When the siren sounded, they ran. Scrambling out of barracks, rushing to pull on coveralls and zip up boots, grabbing their field gear on the run. The first to teach their tanks was Third Platoon, which had been on fifteen-minute alert, ready to roll out. Keys were produced, hatches unlocked, compartments checked for hoppers, and drivers slid into their seats.
The turbines whirled as they pressed the starter buttons, but no roar of shaking power crept up through the seats. Almost with one collective curse, each driver tried again, and again. The exchanges between them and their track commanders were furious, and if a battle could have been won by curses, it would have been over already.
The tank, like the knight, was the most expensive and complex unit on the modern battlefield. Like the knight, however, it could be brought down, in effect, by a two penc
e arrow from a longbow. The complex machinery meant to run the turbine engine had weak spots that a smart enemy could attack, with weapons that sought ways around the strongest armor.
By the time the mechanics identified the problem that had turned the entire company into so many stationary lumps of metal, the decisive battle was long over. Not that they had the parts on hand to fix them anyway.
****
They were angry and scared. Master Sergeant (Retired) John Demos could see it in their eyes. That’s good, thought the former Green Beret. Angry is good. Almost five hundred militia divided up into three companies. Almost everyone they could find with military experience drafted in, and quite a few civilian volunteers. ACECOM had planned for their training and use, but today had caught everyone by surprise. He thought about how he was going to approach this.
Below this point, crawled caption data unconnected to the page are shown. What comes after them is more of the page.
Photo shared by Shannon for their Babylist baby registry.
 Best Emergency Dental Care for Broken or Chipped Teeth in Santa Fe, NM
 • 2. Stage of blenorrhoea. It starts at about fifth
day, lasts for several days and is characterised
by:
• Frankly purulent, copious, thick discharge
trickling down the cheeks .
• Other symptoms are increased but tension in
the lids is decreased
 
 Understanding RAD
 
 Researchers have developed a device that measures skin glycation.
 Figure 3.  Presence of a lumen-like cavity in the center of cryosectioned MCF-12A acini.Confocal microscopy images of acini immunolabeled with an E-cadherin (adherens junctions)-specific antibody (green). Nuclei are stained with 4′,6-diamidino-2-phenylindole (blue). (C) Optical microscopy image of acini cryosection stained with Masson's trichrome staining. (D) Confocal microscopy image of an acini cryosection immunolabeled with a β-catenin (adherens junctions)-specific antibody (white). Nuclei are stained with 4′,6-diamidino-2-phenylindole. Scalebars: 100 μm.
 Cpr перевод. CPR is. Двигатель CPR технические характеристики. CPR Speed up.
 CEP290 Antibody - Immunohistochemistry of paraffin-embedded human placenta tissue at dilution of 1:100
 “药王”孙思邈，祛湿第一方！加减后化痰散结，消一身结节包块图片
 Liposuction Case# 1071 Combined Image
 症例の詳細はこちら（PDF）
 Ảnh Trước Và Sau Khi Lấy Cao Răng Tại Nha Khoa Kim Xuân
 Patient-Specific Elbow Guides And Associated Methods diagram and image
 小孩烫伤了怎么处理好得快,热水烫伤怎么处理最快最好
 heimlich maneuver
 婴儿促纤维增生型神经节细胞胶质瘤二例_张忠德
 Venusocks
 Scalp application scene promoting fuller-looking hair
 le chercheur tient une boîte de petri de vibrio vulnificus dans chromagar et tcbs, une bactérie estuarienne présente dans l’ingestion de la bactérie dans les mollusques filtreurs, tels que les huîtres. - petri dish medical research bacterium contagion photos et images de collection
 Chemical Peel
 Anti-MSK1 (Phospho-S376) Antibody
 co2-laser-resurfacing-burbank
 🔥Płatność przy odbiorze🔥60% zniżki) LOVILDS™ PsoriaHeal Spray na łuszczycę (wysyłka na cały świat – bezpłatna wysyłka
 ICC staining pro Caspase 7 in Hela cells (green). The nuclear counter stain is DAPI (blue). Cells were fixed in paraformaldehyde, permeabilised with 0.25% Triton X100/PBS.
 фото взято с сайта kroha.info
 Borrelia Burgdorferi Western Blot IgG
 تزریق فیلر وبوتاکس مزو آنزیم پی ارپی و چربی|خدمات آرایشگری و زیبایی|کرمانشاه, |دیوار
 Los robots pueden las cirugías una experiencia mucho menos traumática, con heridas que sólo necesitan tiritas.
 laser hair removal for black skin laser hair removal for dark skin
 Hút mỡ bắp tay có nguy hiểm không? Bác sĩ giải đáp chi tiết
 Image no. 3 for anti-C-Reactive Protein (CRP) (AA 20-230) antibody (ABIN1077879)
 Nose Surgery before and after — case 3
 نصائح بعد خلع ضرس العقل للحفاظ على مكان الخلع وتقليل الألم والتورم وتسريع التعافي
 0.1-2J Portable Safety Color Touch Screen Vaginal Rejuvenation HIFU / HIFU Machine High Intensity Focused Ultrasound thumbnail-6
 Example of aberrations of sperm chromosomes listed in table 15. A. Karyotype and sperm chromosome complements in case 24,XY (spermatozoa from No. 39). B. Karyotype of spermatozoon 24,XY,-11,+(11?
“OK, listen up! The shit’s hit the fan, and we’re going to have to fight our asses off to protect our families and the colony! I don’t want to hear jack shit about rights or being civilians, you’re mobilized and subject to UCMJ, which is up to and including death by firing squad if you run!” Better to get in their faces, he knew. Keep ’em angry instead of questioning.
Of course there was one now, a woman raising her hand. He pointed at her, and she said, “I thought we were going to be doing support stuff, you know, like food and stuff like that.”
He paused before he answered, then gave it to them flat. “This battle today is going to be over before you have a chance to eat your next meal. So you’re either going to have the best tasting meal ever tonight, or you’re going to be dead. It’s your choice. Listen to your cadre for the next ten minutes, and you MIGHT survive. No more questions!”